No era gratuito el llanto de Maqueda. Él mejor que nadie sabe lo que ayer se hizo y se deshizo en Antequera. El cañón toledano protagonizó la jugada del partido. Apenas restaban dos minutos y unos segundos. Con 21-22 en el marcador, Maqueda fue agredido por Viran Morros. La bola llegó a manos de Lamadrid, que fue objeto de un penalti clarísimo. Los árbitros ni se atrevieron a excluir a Viran ni a señalar penalti. El Ciudad Real estaba entonces en inferioridad numérica. Con unos árbitros justos, el CAI Aragón habría disfrutado de una acción inmejorable para empatar y jugar los últimos minutos en superioridad de dos hombres. El Ciudad Real recuperó la pelota y sentenció el choque en una preciosa finalización de Luc Abalo.

Antes de que Casado y Vera se cagaran en los pantalones, se vio un encuentro sensacional, para retener en la memoria. Hubo fases de extraordinario juego en ataque y, por encima de todo, siete hombres como siete castillos en defensa. Los escasos 24 goles recibidos plasman el enorme esfuerzo aragonés, además del acierto de Iñaki Malumbres, sensacional durante la primera parte. La eficacia del portero, en la que tanto tiene que ver siempre el respaldo de la defensa, y el aporte regular del ataque fabricaron un primer tiempo sobresaliente, con ventajas de hasta tres goles (7-4, minuto 15), que menguó al descanso (11-10) tras reaccionar un Ciudad Real propulsado por los internacionales franceses Jerome Fernández y Luc Abalo.

Apareció Sterbik en la reanudación, que solo dejó anotar un gol al CAI Aragón en 15 minutos. El Ciudad Real se fugó en el marcador empujado por el extraordinario acierto de su portero y por el amparo arbitral.
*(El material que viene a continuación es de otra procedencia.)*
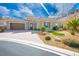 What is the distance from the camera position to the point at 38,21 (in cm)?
366

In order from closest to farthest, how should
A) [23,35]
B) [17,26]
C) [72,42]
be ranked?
[72,42] → [23,35] → [17,26]

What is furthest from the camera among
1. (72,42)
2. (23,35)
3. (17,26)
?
(17,26)

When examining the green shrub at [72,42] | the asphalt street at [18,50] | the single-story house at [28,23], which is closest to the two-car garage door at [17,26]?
the single-story house at [28,23]

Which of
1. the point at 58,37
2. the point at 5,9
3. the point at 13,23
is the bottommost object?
the point at 58,37

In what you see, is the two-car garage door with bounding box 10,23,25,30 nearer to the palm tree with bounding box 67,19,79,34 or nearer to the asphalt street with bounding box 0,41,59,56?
the asphalt street with bounding box 0,41,59,56

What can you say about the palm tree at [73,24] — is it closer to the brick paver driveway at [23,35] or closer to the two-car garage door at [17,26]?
the brick paver driveway at [23,35]

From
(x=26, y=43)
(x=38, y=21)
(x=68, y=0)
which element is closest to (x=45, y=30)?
(x=38, y=21)

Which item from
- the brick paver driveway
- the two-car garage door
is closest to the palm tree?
the brick paver driveway

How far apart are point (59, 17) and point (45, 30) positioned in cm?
38

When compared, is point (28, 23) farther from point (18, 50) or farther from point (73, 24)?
point (73, 24)

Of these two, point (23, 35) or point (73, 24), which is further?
point (23, 35)

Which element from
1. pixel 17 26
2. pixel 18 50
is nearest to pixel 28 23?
pixel 17 26

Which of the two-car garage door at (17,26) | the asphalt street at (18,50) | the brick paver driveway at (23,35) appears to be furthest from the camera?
the two-car garage door at (17,26)

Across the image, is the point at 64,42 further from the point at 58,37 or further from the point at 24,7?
the point at 24,7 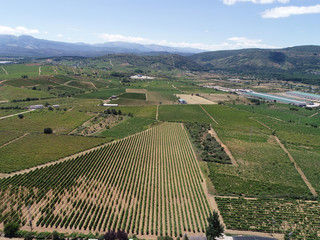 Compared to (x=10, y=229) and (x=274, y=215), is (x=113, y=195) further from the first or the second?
(x=274, y=215)

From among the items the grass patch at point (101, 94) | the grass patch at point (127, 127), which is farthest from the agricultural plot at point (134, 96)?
the grass patch at point (127, 127)

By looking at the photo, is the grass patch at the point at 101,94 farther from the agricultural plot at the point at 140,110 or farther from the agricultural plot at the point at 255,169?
the agricultural plot at the point at 255,169

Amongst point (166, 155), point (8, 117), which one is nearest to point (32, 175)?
point (166, 155)

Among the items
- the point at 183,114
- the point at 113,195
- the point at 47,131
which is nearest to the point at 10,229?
the point at 113,195

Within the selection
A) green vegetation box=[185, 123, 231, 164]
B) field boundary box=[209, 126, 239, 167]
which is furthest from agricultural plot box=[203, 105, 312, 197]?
green vegetation box=[185, 123, 231, 164]

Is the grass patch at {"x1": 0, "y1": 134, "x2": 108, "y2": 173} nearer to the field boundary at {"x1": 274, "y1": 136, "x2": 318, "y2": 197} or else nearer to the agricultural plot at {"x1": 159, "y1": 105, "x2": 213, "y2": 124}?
the agricultural plot at {"x1": 159, "y1": 105, "x2": 213, "y2": 124}

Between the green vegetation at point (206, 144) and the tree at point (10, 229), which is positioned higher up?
the green vegetation at point (206, 144) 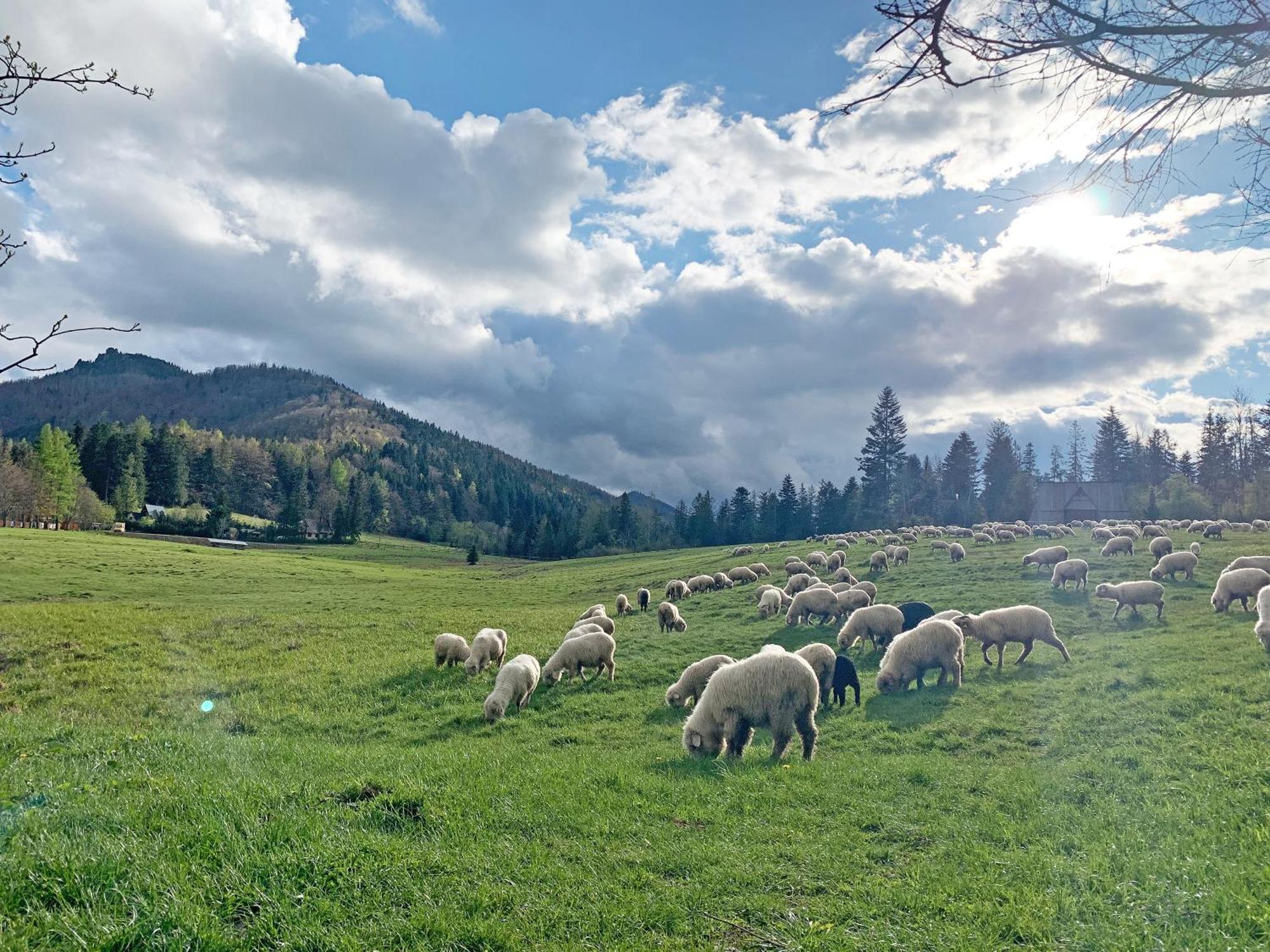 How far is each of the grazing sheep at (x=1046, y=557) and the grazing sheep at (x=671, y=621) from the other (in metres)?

Ruiz Casanova se tuvo que marchar a los vestuarios en el minuto 39. El vídeo de ayer merece ser visto no solo por el magnífico juego desarrollado, sino por media docena de acciones absolutamente decisivas perpetradas por Casado y Vera.

 

Pablo salta al ruedo

Cuando nadie daba una perra por el conjunto aragonés, apareció el mejor CAI. Pablo Hernández saltó al ruedo y la noche, la oscuridad, se hizo en el ataque manchego. Fredrik Larsson entonces tomó el violín y los naranjas comenzaron a danzar. Baile histórico al Ciudad Real. Un gol, otro gol y otro gol. El mejor equipo del mundo tiritaba, pedía la hora. Casado y Vera salieron al rescate. Con 18-19 excluyeron al mejor defensor aragonés, Arrhenius. Pero la riada del Ebro ya había inundado el torcal de Antequera. Maqueda igualó a 19 con un gol estrotosférico en inferioridad. Larsson, con el cuchillo entre los dientes, firmó el empate a 20. La afición del Antequera, la del Valladolid, la del Ademar, la del Naturhouse La Rioja, esto es, todo el pabellón gritaba “CAI, CAI, CAI”. Talant Djushebáev pedía agua en el banquillo. Abel Lamadrid firmó la última igualada (21-21) en el minuto 57. Luego, marcó Jerome. Después, se consumó la injusticia. Y lloró el niño Maqueda, el benjamín, el que lleva la bolsa de los balones, el que ayer mereció llevarnos a la gloria eterna. Y lloramos todos. Jugando como ayer, algún día, y no tardando, Maqueda llorará de alegría. Algún día, y no tardando, lloraremos todos.